Nevertheless, the NLRB has never dropped its unconstitutional “substantial religious character” test, instead forcing multiple Catholic and other religious colleges to comply with federal labor law and regulations. Ultimately, it may require another Supreme Court ruling to set the NLRB straight.
Such a showdown could very well favor religious colleges, thanks to the support of Supreme Court Justice Stephen G. Breyer. In rejecting the NLRB’s intrusive “religious character” test, the D.C. appeals court prescribed in 2002 a simple three-part test for exemption from federal labor law - a test first recommended by former Court of Appeals Judge Breyer in a 1986 opinion.
Justice Breyer’s test requires no investigation of a college or university’s religious practices. The institution must publicly claim to provide a “religious educational environment,” it must be a nonprofit institution, and it must be affiliated with or controlled, “directly or indirectly,” by a religious organization.
The court has said it is confident this test “avoids the constitutional infirmities” of the NLRB’s subjective evaluations: “Our approach … does not intrude upon the free exercise of religion nor subject the institution to questioning about its motives or beliefs. It does not ask about the centrality of beliefs or how important the religious mission is to the institution. Nor should it.”
That argument seems to hold sway for the Supreme Court. In Boy Scouts of America v. Dale, the court ruled that if an institution publicly holds itself out to be religious, federal judges “cannot doubt that [it] sincerely holds this view.”
So why, after twice being scolded by the federal court for failing to comply with Supreme Court precedent, hasn’t the NLRB stopped harassing Catholic colleges and universities?
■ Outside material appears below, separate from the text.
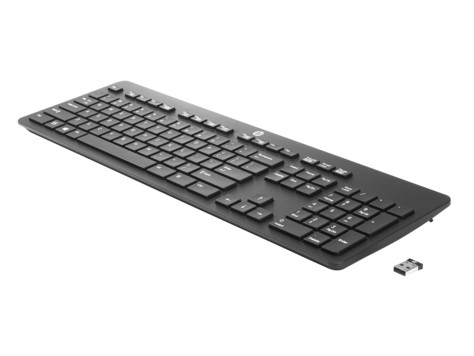 HP INC Bezprzewodowa klawiatura SILM T6U20AA  - T6U20AA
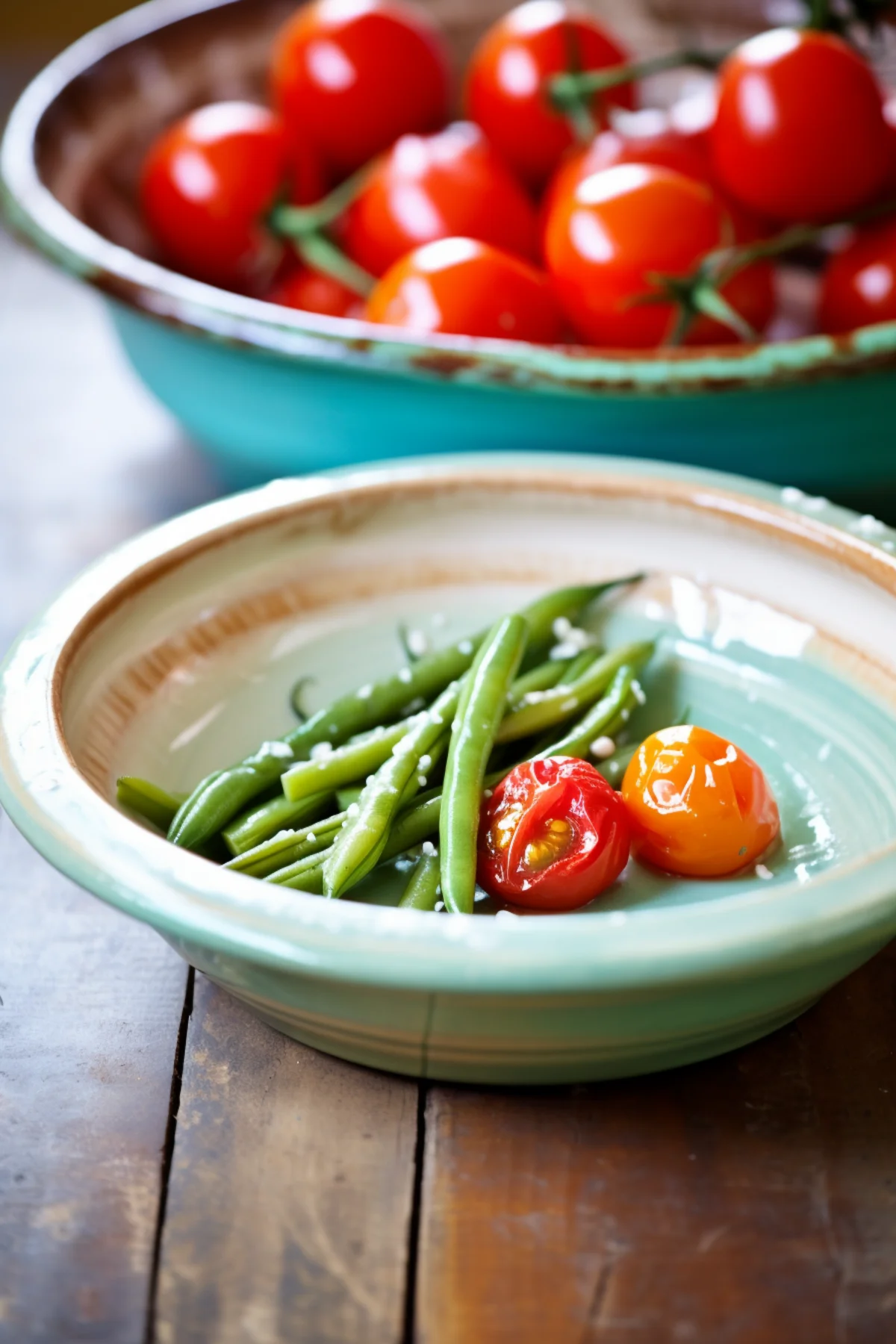 Turkish Olive Oil-Braised Green Beans (Zeytinyağlı Taze Fasulye)_001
The answer may be pure politics for an agency that often yields to the interests of labor unions. Union organizers see great potential in college-faculty organizing to help replenish their declining memberships. The Manhattan College appeal to the NLRB has the potential for permanently opening the doors to religious colleges and universities.
But the opposite is also true: The case could force a Supreme Court decision that would better protect the rights of all religious employers, not just religious higher education. That would be a welcome change.
Meanwhile, the NLRB has forced Catholic colleges and universities to take a careful look inward at their Catholic identity. They may succeed in arguing that the NLRB has no business evaluating their religious practices, but it’s difficult to dispute the NLRB’s finding of a weak Catholic identity at most of the colleges and universities it has evaluated.
The Vatican and the U.S. Catholic bishops have been urging a renewal of Catholic identity for some time. Perhaps such a renewal might also be a positive outcome of the NLRB’s excesses.
Patrick J. Reilly is president of the Cardinal Newman Society (CNS) and author of “The NLRB’s Assault on Religious Liberty,” published by the CNS Center for the Advancement of Catholic Higher Education.